Given the state of evolution of technology and data, IT leadership should reimagine how it designs data and analytics systems. The architecture itself should be evolutionary — including data systems, insight development and delivery systems. Without taking advantage of cloud, modern architectures and automation, you will not be able to fulfill the expectations of different users and their analytic intentions in the organization. Keep in mind that moving to the cloud should not take years of planning and execution. If needed, you can always keep your current systems working on-premise while you build the new systems in the cloud.

One of our customers moved a 2PB complex analytics system from an on-premise data center to the AWS cloud within nine months. You should adopt modular and technology-agnostic architectures with room to evolve and avoid lock-in to specific tools.

3. Revisit the business/IT engagement model.

To ensure that the value of analytics reaches the strategy and operational units, organizations should focus on how the business and IT work together. Various models are available — centralized, decentralized, supportive, consultative — so you can pick the one that works best for your organization. Not being consistent with how your business is organized is likely to create longer-term challenges. The good thing is, you can start with one model and evolve into the next based on your organizational maturity.

When one of our customers implemented self-service analytics capability across their business units, they established clear roles; IT was made responsible for the enterprise platform, and business units were made responsible for building and maintaining the applications.

4. Make insights accessible to users.

Data-informed decision-making is no longer an executive privilege. Data should be accessible to all staff so they can use or create their own insights for their jobs. IT teams do not need to create every single report and insight. They should also move away from trying to standardize the consumption tools. They should consider making insights available in the tools that the users are already comfortable with.

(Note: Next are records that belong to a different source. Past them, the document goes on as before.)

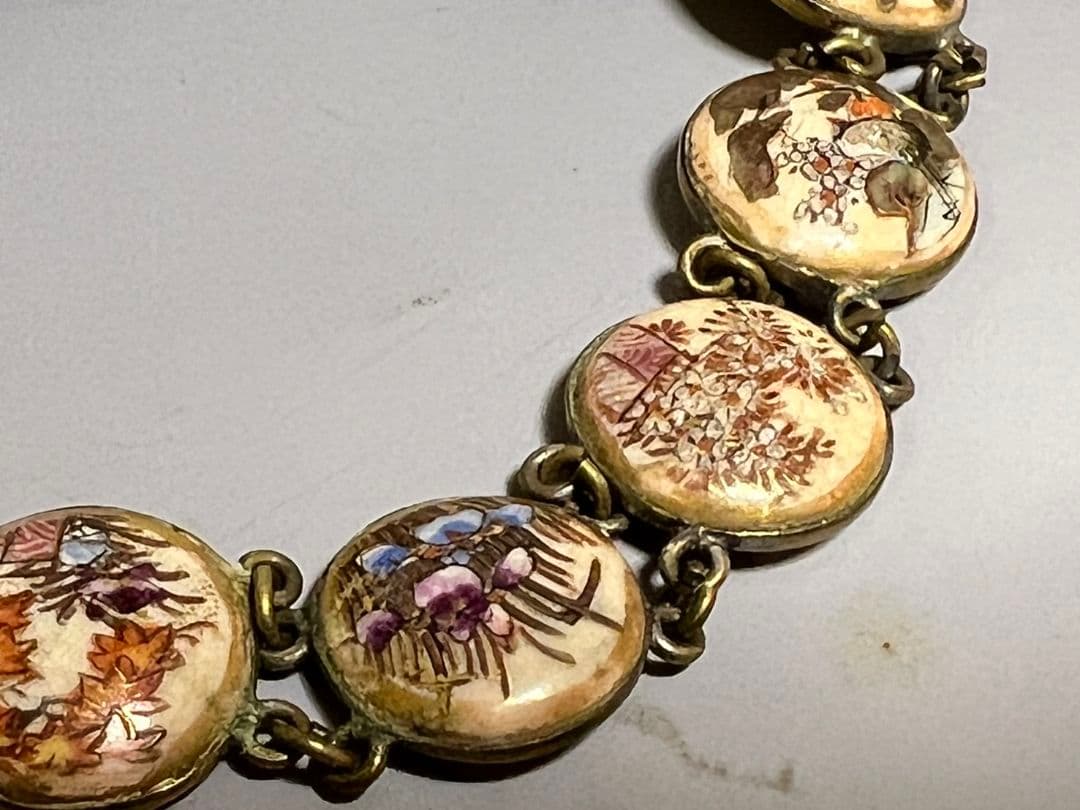 アンティークブレスレット　京都　薩摩焼花鳥文ブレスレット《明治大正期》里帰り
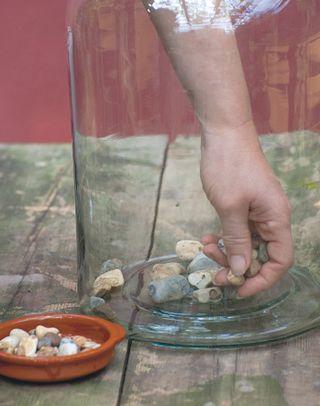 Step one of how to make a terrarium: add gravel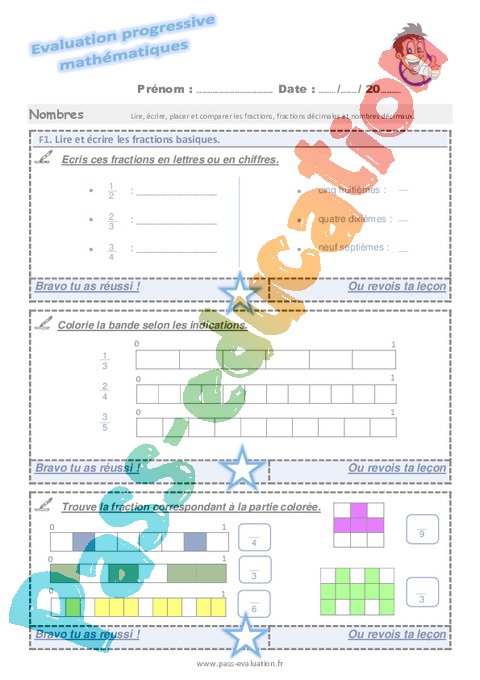 Evaluation progressive par compétences : Lire / écrire / représenter des fractions simples : CM2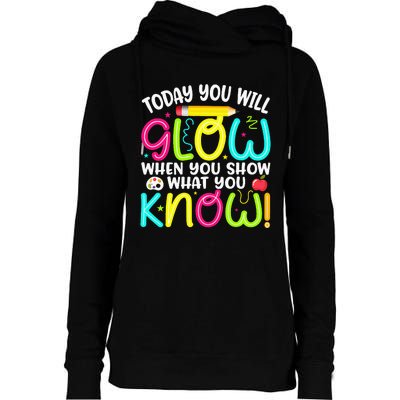 What You Show Rock The Testing Day Exam Teachers Womens Funnel Neck Pullover Hood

Insights should be understandable and actionable. Consider the use of techniques such as data storytelling to enable users to comprehend information easily and move toward actions. One of our customers uses automated commentary on top of visuals to convey specific actions to front-line staff.

5. Reimagine return on investment.

We all know that the Covid-19 pandemic has caused a significant shift in consumer demand and that most organizations have had to reevaluate what is important today and what will be relevant tomorrow. Traditional portfolio rationalization models use metrics that show a connection to the revenue or profit for justification and prioritization. However, return on investment encompasses more than just the financial impact; one must consider other factors, such as the potential of results from empowered employees, better customer experiences and newer capabilities.

Leaders must also find ways to explain the intangibles that come with informed decisions. Not everything can be black and white. For example, how do you quantify the impact of saving lives due to better insights? If Google’s community mobility report helps you keep your employees safe, get health care to those in need or bring a sense of normalcy into our lives, what is the investment that we are willing to make to use it?

Navigating organizations safely and effectively in the coming months will be a big challenge for all leaders. However, in times of uncertainty, making informed actions based on data is better than making decisions simply based on instincts. You do not have to drive into an unknown city without maps; you can invest in a navigation aid that you can afford and that makes sense for your business — it could be a paper-based map, a GPS or maybe even a Tesla. You have to make a choice.